# Material supplied:
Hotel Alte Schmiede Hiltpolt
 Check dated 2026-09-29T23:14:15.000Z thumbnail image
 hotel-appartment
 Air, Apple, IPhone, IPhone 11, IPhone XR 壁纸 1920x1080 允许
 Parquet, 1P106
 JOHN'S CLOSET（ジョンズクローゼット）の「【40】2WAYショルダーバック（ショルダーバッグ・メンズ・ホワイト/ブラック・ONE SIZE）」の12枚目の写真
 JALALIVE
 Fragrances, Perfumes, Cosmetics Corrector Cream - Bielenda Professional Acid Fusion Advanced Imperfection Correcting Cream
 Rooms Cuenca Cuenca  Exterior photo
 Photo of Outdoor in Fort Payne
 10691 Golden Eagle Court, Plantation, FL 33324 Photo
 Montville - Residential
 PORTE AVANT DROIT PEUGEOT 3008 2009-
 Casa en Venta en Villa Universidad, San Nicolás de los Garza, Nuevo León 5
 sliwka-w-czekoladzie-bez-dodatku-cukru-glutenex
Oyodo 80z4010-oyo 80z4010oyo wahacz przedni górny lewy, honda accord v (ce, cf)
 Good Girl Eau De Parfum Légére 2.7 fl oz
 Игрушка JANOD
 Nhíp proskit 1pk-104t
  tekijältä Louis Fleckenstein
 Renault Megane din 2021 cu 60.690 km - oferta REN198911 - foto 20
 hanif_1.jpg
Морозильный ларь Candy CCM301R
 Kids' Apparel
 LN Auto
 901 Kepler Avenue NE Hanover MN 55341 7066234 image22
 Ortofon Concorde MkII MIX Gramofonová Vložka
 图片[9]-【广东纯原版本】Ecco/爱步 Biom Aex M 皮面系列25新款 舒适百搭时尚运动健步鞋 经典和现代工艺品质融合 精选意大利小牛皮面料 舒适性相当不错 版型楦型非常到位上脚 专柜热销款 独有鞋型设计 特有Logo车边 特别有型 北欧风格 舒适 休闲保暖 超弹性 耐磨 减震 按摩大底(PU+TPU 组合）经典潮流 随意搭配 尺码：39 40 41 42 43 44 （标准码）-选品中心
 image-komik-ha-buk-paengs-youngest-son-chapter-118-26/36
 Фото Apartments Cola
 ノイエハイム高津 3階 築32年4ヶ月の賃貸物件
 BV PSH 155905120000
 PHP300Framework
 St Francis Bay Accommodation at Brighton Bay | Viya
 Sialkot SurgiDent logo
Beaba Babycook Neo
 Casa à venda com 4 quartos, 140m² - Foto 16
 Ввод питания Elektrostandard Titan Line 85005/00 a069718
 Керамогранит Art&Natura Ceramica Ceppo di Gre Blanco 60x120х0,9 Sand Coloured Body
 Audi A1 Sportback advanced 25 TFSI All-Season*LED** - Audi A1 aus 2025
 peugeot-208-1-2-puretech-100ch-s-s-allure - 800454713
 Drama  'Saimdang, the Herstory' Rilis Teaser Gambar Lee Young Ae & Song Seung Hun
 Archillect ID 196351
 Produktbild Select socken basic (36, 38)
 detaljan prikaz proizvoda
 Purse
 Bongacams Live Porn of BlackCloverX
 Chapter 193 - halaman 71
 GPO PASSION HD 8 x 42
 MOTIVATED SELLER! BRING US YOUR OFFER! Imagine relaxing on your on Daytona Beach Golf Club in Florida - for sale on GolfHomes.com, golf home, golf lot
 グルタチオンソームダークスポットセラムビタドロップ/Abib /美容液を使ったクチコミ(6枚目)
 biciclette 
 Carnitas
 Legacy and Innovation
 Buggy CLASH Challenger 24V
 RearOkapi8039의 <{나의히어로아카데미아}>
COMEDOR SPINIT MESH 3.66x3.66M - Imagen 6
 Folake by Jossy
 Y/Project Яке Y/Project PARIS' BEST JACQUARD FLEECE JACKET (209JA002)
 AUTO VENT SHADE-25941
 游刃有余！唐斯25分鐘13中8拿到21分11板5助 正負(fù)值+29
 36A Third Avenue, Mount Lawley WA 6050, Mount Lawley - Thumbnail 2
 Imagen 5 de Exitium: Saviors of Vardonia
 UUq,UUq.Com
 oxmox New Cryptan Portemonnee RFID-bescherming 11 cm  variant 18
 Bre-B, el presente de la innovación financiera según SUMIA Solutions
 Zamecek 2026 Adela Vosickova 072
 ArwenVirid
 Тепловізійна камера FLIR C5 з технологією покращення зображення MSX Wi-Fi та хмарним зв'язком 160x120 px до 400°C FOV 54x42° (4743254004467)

# Task objective:
Your response should be the lines above from the first to the one containing "sliwka-w-czekoladzie-bez-dodatku-cukru-glutenex", inclusive, each given exactly.

# Exercise result:
Hotel Alte Schmiede Hiltpolt
 Check dated 2026-09-29T23:14:15.000Z thumbnail image
 hotel-appartment
 Air, Apple, IPhone, IPhone 11, IPhone XR 壁纸 1920x1080 允许
 Parquet, 1P106
 JOHN'S CLOSET（ジョンズクローゼット）の「【40】2WAYショルダーバック（ショルダーバッグ・メンズ・ホワイト/ブラック・ONE SIZE）」の12枚目の写真
 JALALIVE
 Fragrances, Perfumes, Cosmetics Corrector Cream - Bielenda Professional Acid Fusion Advanced Imperfection Correcting Cream
 Rooms Cuenca Cuenca  Exterior photo
 Photo of Outdoor in Fort Payne
 10691 Golden Eagle Court, Plantation, FL 33324 Photo
 Montville - Residential
 PORTE AVANT DROIT PEUGEOT 3008 2009-
 Casa en Venta en Villa Universidad, San Nicolás de los Garza, Nuevo León 5
 sliwka-w-czekoladzie-bez-dodatku-cukru-glutenex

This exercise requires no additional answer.